Le racisme, conçu comme un type particulier de rapport social, maintient le statu quo de classe

Malgré ces remarquables exceptions, beaucoup se heurtent (comme un rappel à l’ordre de classe) à un plafond de verre. Ils et elles se retrouvent cantonné·e·s à certains segments d’un marché du travail organisé et stratifié en fonction des représentations associés aux différents groupes d’origine. Ainsi semble-t-il plus ou moins « naturel » de trouver des personnes « noires » occupant telle ou telle fonction. Le racisme, conçu comme un type particulier de rapport social, tend donc globalement à maintenir le statu quo de classe. Il s’exprime symboliquement par du mépris, mais surtout par de la discrimination qui permet de contrôler la mobilité sociale et sauvegarder un ordre social basé sur « la race ».

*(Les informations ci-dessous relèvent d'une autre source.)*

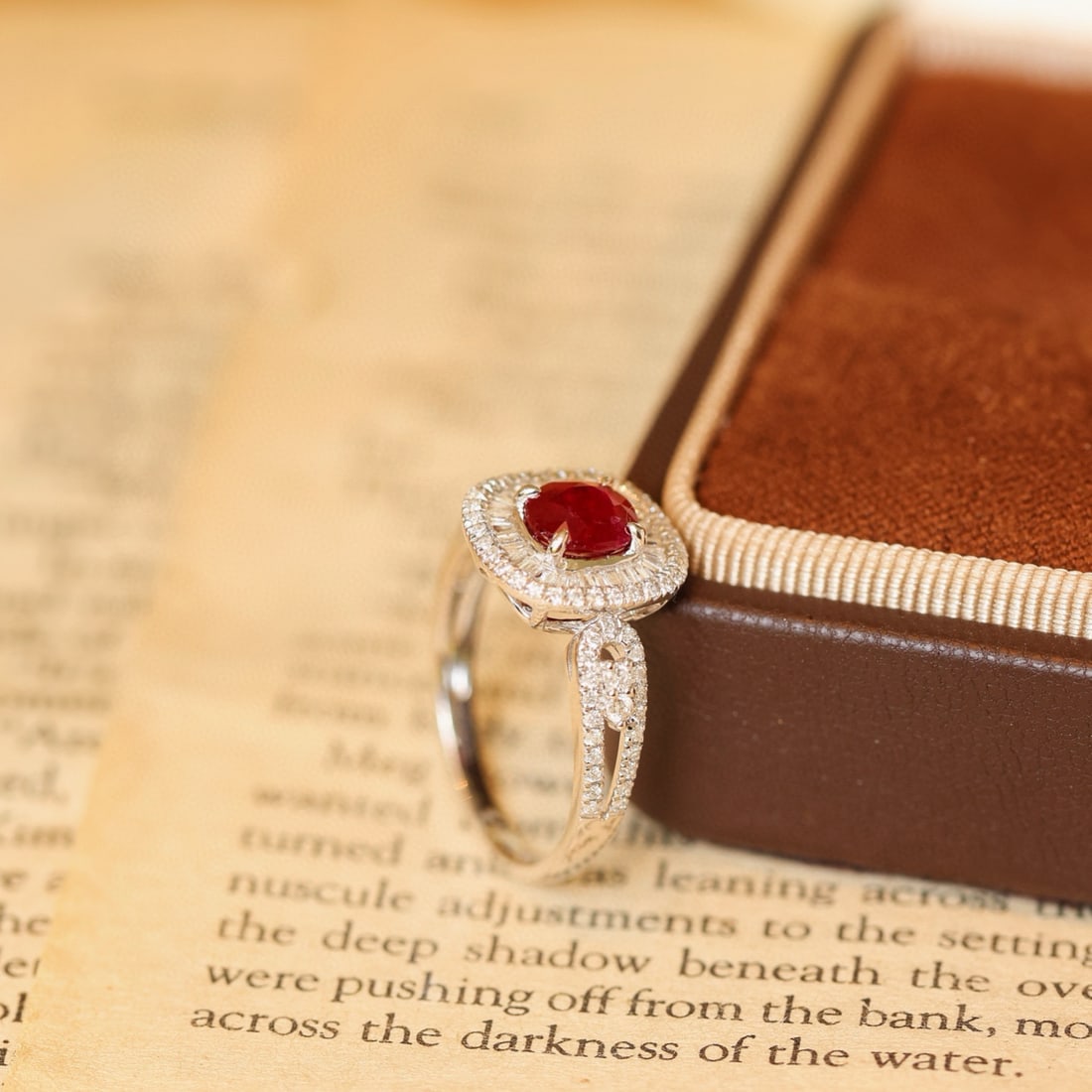 14k Gold 1.53 Ctw Natural Ruby & Diamond Ring - 3
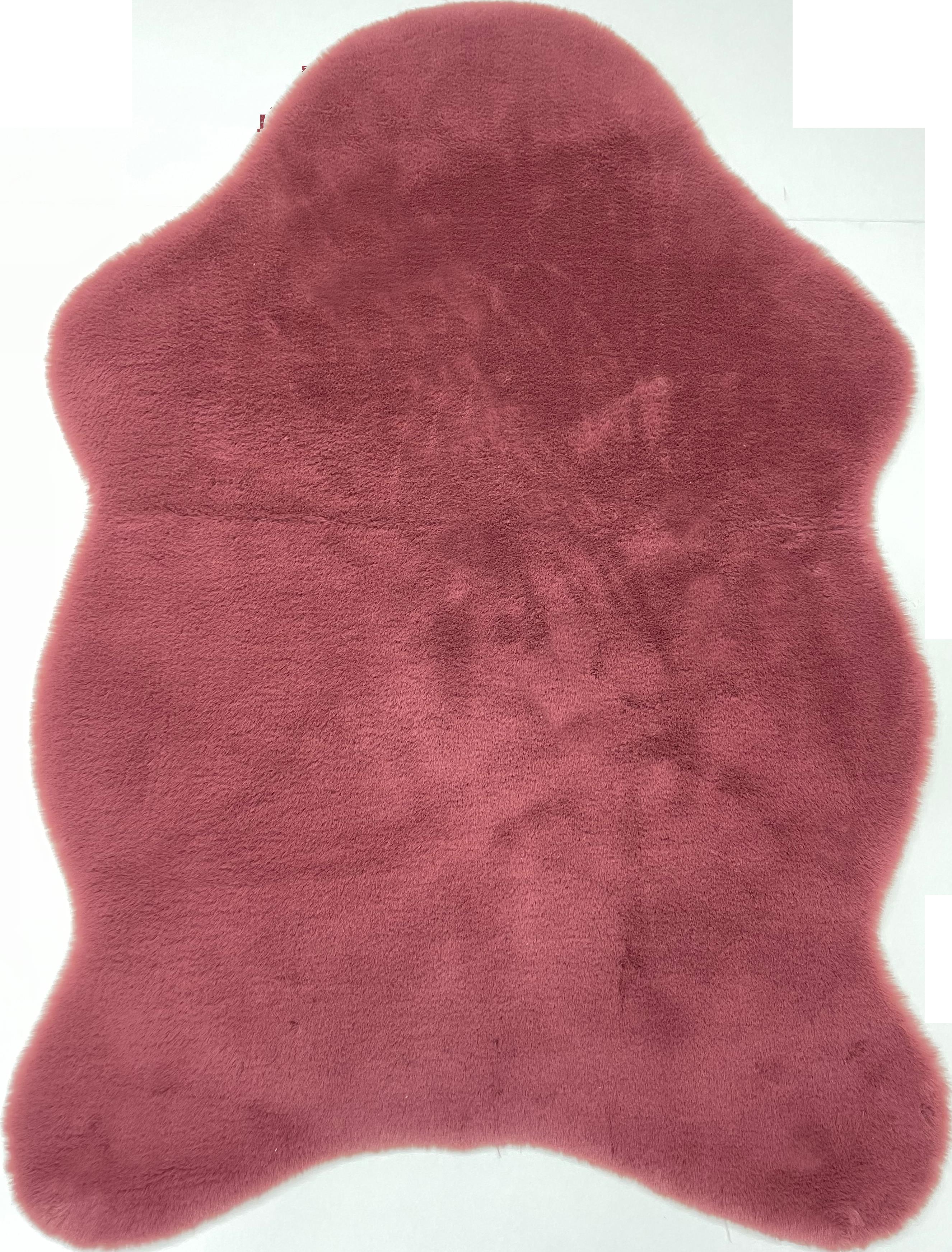 Golze & Söhne Teppich Elda ca. 55x80cm in Farbe bordeaux, Dekoration für Zuhause, Teppich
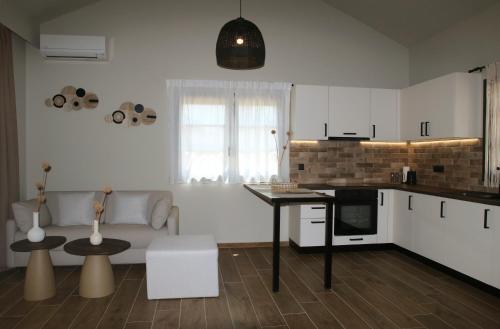 Η κουζίνα ή μικρή κουζίνα στο Liotopos Villas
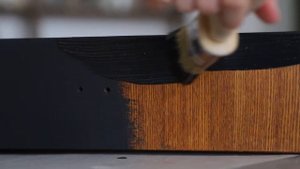 Краска для мебели Меловой Бархат от Aturi Design, цвет: Черный бархат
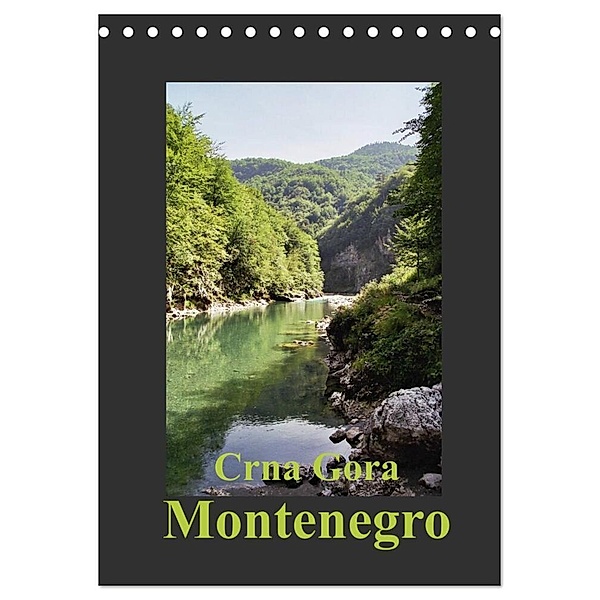 Crna Gora - Montenegro (Tischkalender 2024 DIN A5 hoch), CALVENDO Monatskalender, Oliver Hülsermann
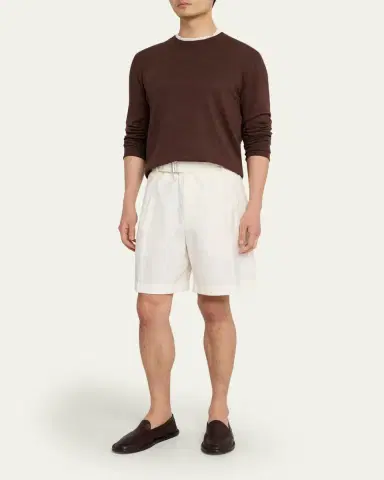 Massimo Alba Men's Mouline Wool Crewneck Sweater | Thumbnail 2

Un tombereau d’injures racistes s’est abattu sur la Garde des Sceaux Christiane Taubira, seule femme noire à ce jour à avoir exercé un ministère régalien en France. Cela nous rappelle qu’à tout moment et quelle que soit la fonction qu’elles occupent, les personnes racisées peuvent être évaluées, discréditées et globalement tenues pour comptables de leurs actions au nom de leur couleur et des stéréotypes qui y sont accolés.